I have Windows 7. I keep getting a pop-up that wants me to upload or download Windows 10. The ad says it's free, but you know what they say about things being free......"If it sounds too good to be true...............".

Maybe I'll just wait til my wife shows up............:anim_lol:


----------



## pic (Nov 14, 2009)

paratrooper said:


> I have Windows 7. I keep getting a pop-up that wants me to upload or download Windows 10. The ad says it's free, but you know what they say about things being free......"If it sounds too good to be true...............".
> 
> Maybe I'll just wait til my wife shows up............:anim_lol:


My opinion based on your computer needs I would Keep Windows 7 , it's a rock solid operating system. Don't update to Windows 10. You might regret it, seriously.

Next time in the shopping center ask to check out a Windows 10 computer. Maybe you'll like it.

The little pop ups should stop after July because the update will no longer be free.

Windows 10 OS (operating system) was the necessary creation for the Windows 8 blunder.

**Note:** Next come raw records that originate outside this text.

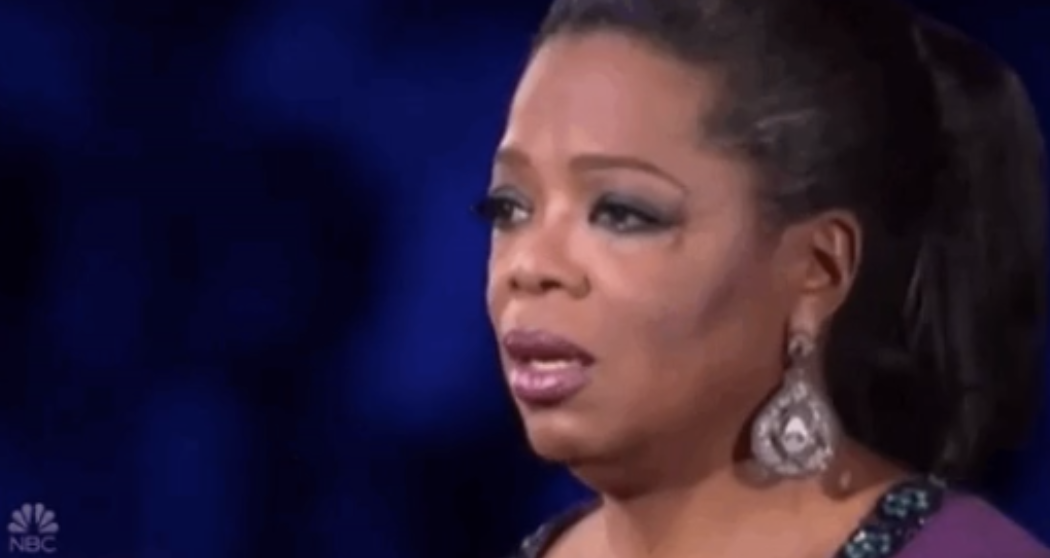 Oprah looking stunned and saddened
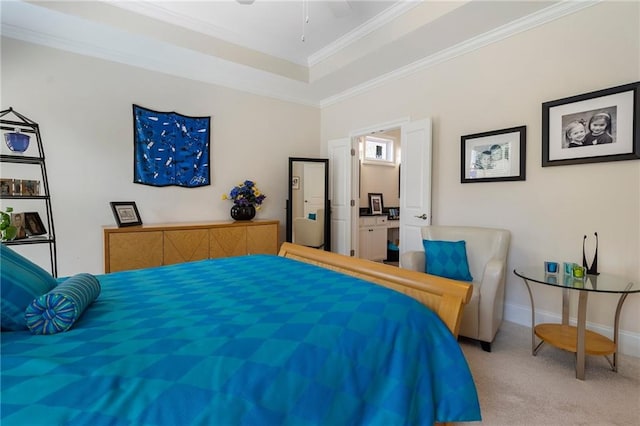 bedroom featuring crown molding, ceiling fan, ensuite bathroom, and light colored carpet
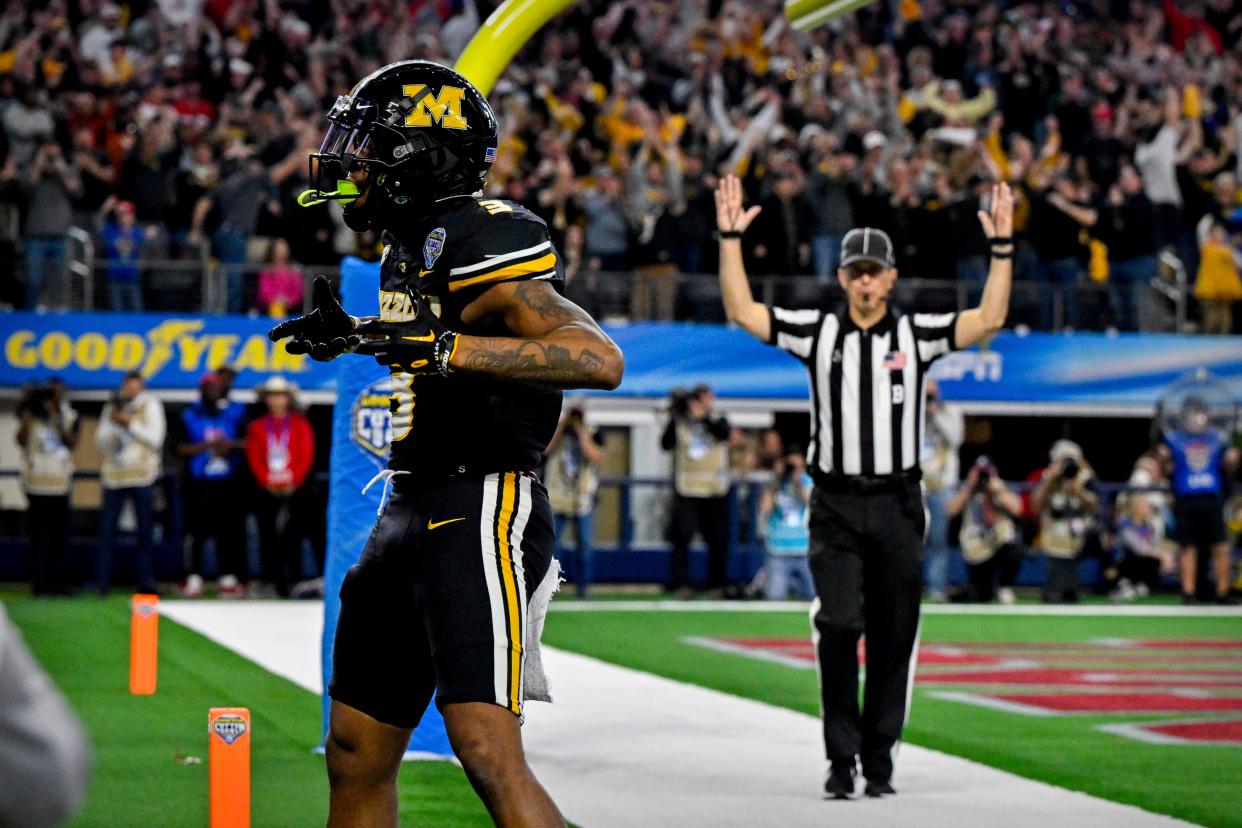 Dec 29, 2023; Arlington, TX, USA; Missouri Tigers wide receiver Luther Burden III (3) celebrates after he catches a pass for a touchdown against the Ohio State Buckeyes during the fourth quarter at AT&T Stadium. Mandatory Credit: Jerome Miron-USA TODAY Sports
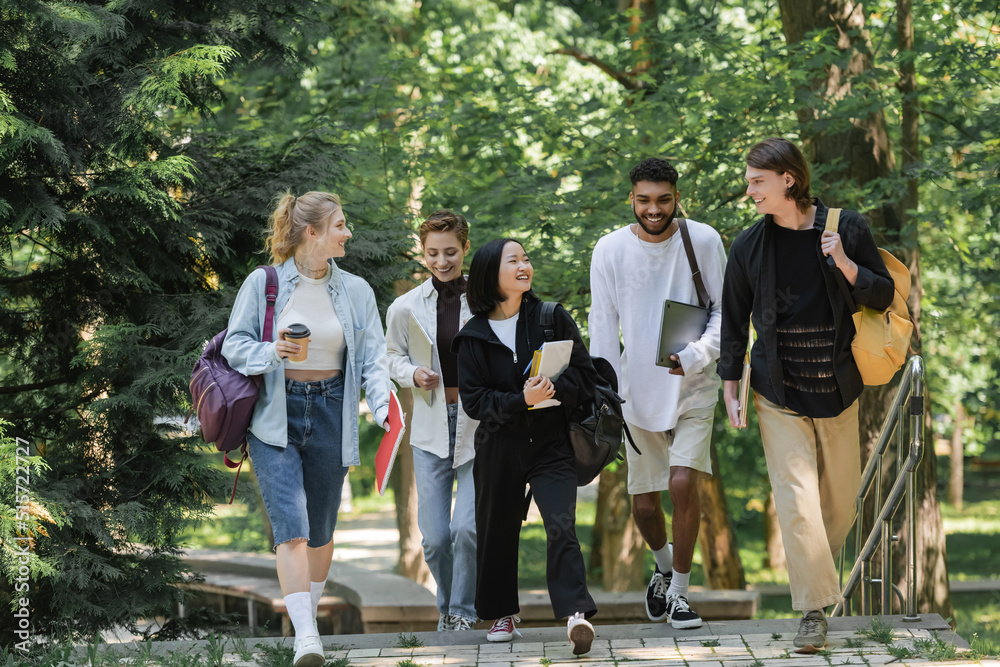 Fototapeta premium Happy asian student walking near multiethnic friends in park.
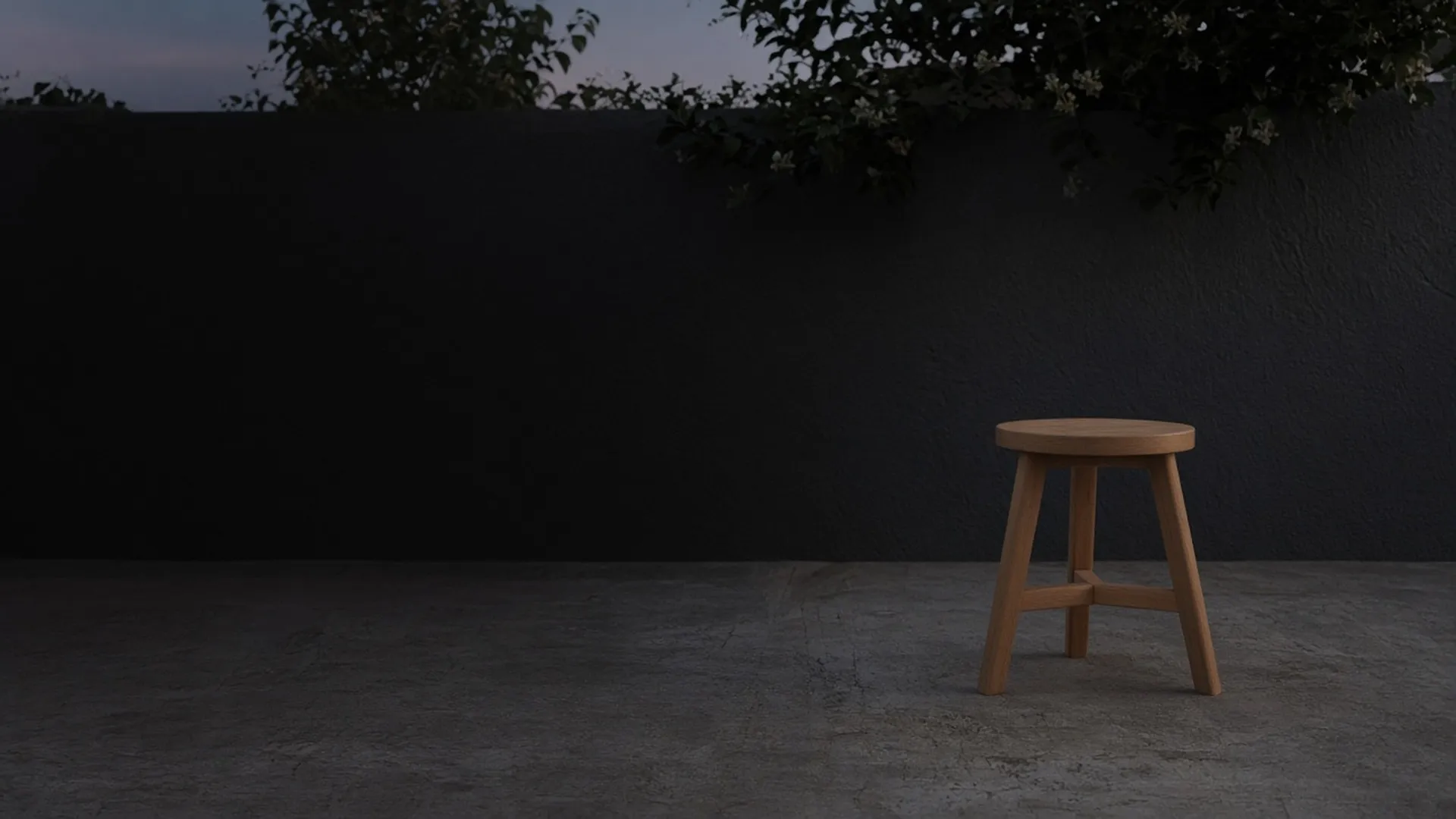 A smooth wood stool with a soft sheen standing on a concrete patio at dusk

if you had Windows 8 or 8.1 then I would recommend updating to Windows 10.


----------



## paratrooper (Feb 1, 2012)

pic said:


> My opinion based on your computer needs I would Keep Windows 7 , it's a rock solid operating system. Don't update to Windows 10. You might regret it, seriously.
> 
> Next time in the shopping center ask to check out a Windows 10 computer. Maybe you'll like it.
> 
> ...


Thanks for the info. and tip. I'm going to take you at your word and leave well enough alone.

It's quite obvious, you know what you're talking about and that you know a whole Hell of a lot more than I do.

That's good enough for me. :smt1099


----------